**DATA LISTING:**

---+---

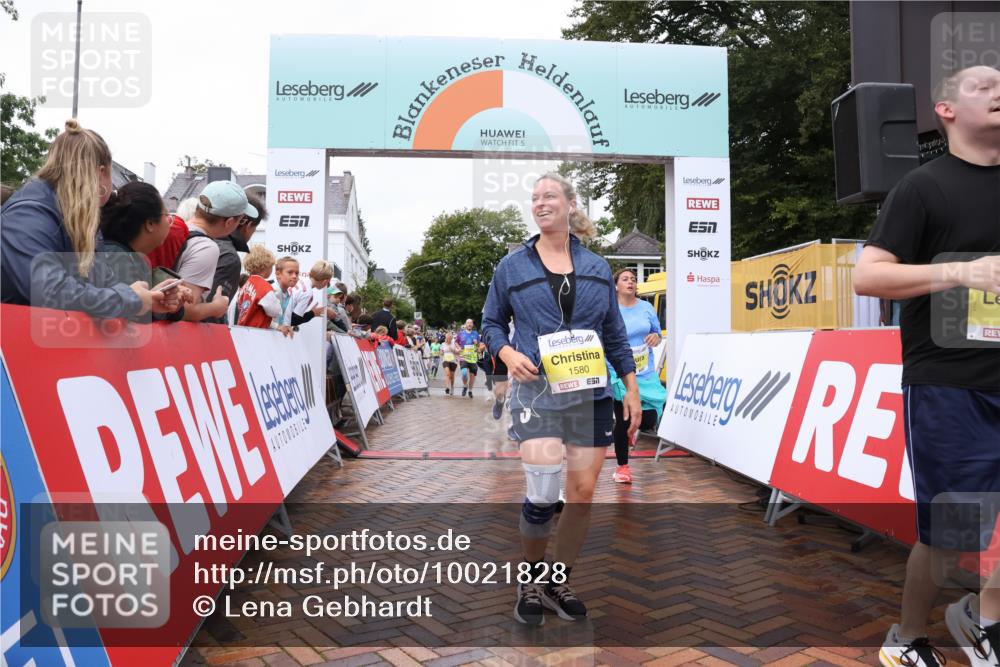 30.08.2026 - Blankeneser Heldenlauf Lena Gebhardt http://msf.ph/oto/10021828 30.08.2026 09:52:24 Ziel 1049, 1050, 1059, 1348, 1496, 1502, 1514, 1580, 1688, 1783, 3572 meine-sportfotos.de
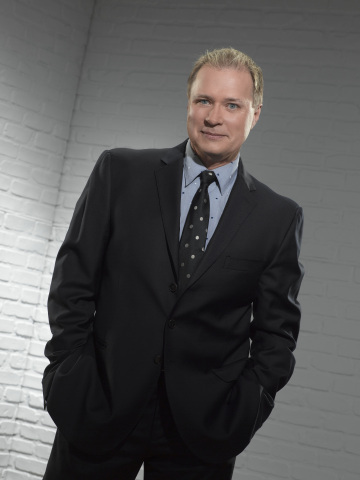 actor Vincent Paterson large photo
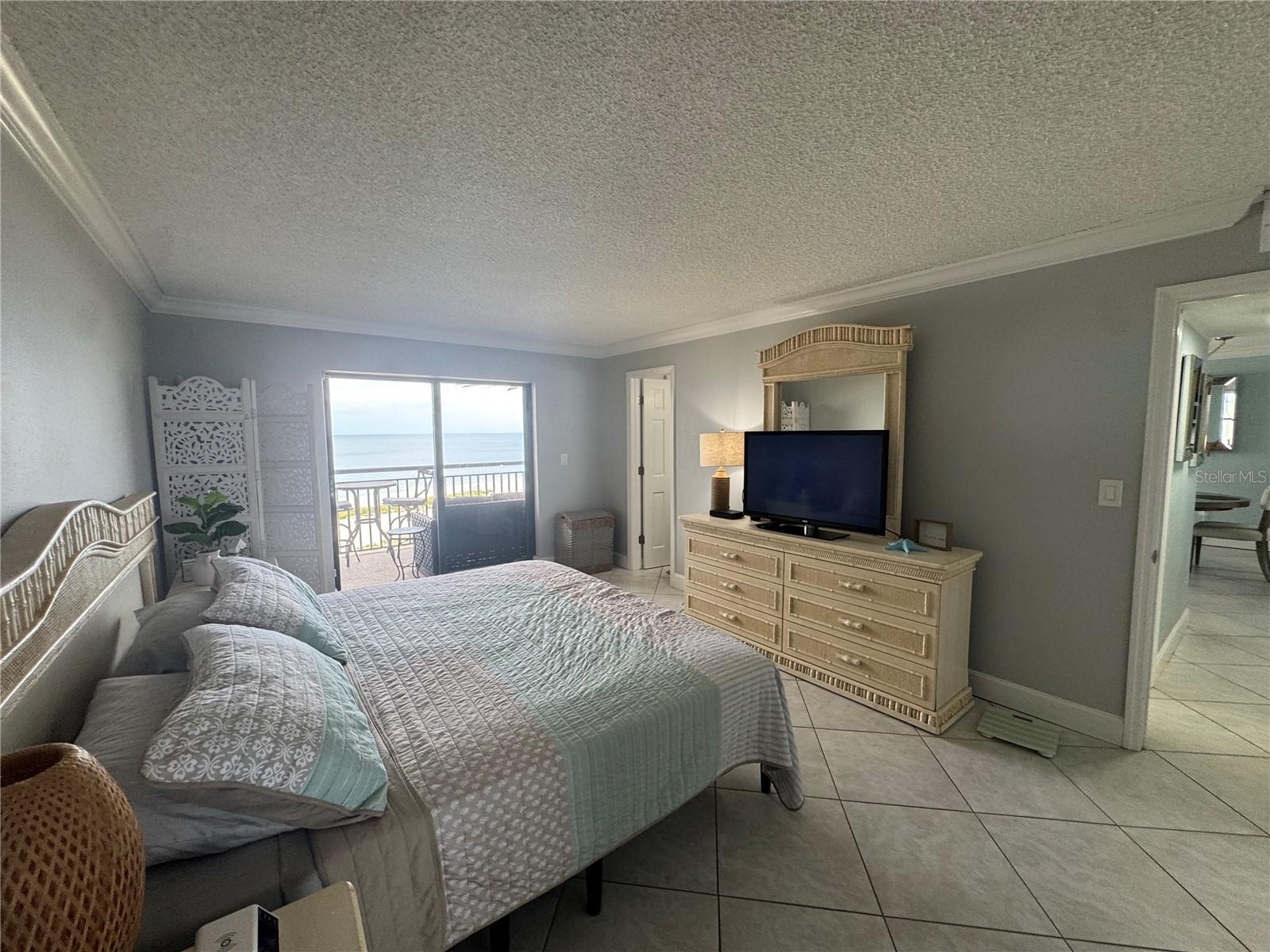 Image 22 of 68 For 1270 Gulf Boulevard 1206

---+---

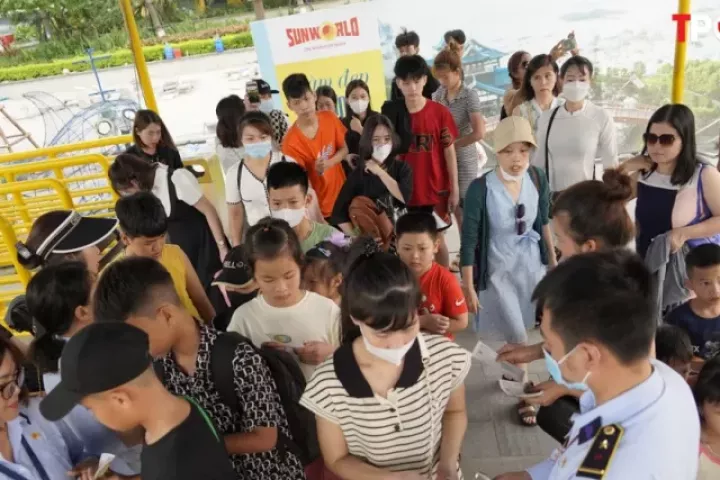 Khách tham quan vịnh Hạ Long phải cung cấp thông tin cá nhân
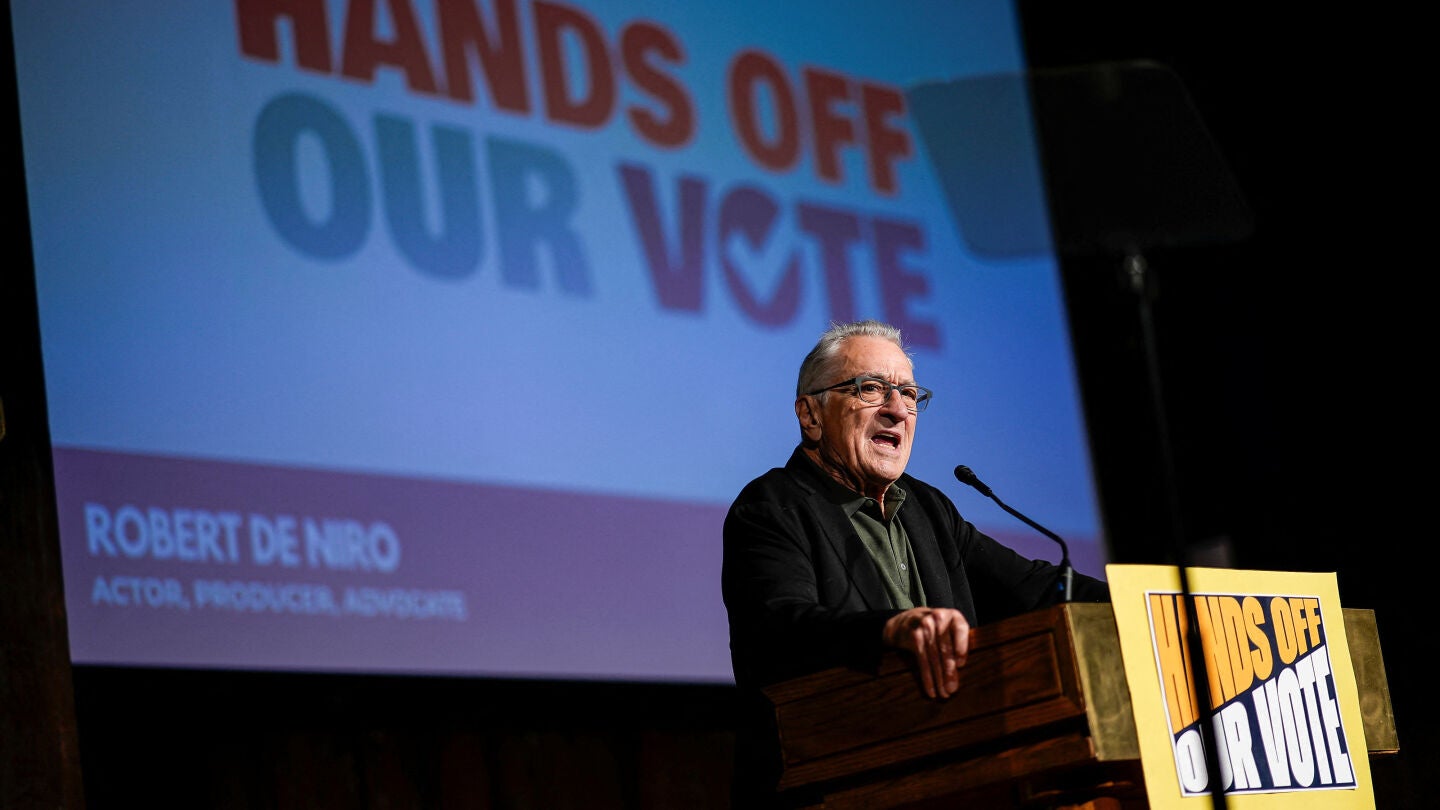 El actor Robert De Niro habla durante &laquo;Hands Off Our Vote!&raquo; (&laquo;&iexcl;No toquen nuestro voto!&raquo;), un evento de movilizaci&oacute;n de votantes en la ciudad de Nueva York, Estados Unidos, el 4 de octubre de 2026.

---+---

**WORK TO COMPLETE:**
The material above holds pictures; leave them out. Repeat exactly the lines from the one containing "30.08.2026 - Blankeneser" through the one containing "Image 22 of 68 For 1270 Gulf Boulevard 1206", and nothing else.

**OUTPUT BELOW:**
 30.08.2026 - Blankeneser Heldenlauf Lena Gebhardt http://msf.ph/oto/10021828 30.08.2026 09:52:24 Ziel 1049, 1050, 1059, 1348, 1496, 1502, 1514, 1580, 1688, 1783, 3572 meine-sportfotos.de
 actor Vincent Paterson large photo
 Image 22 of 68 For 1270 Gulf Boulevard 1206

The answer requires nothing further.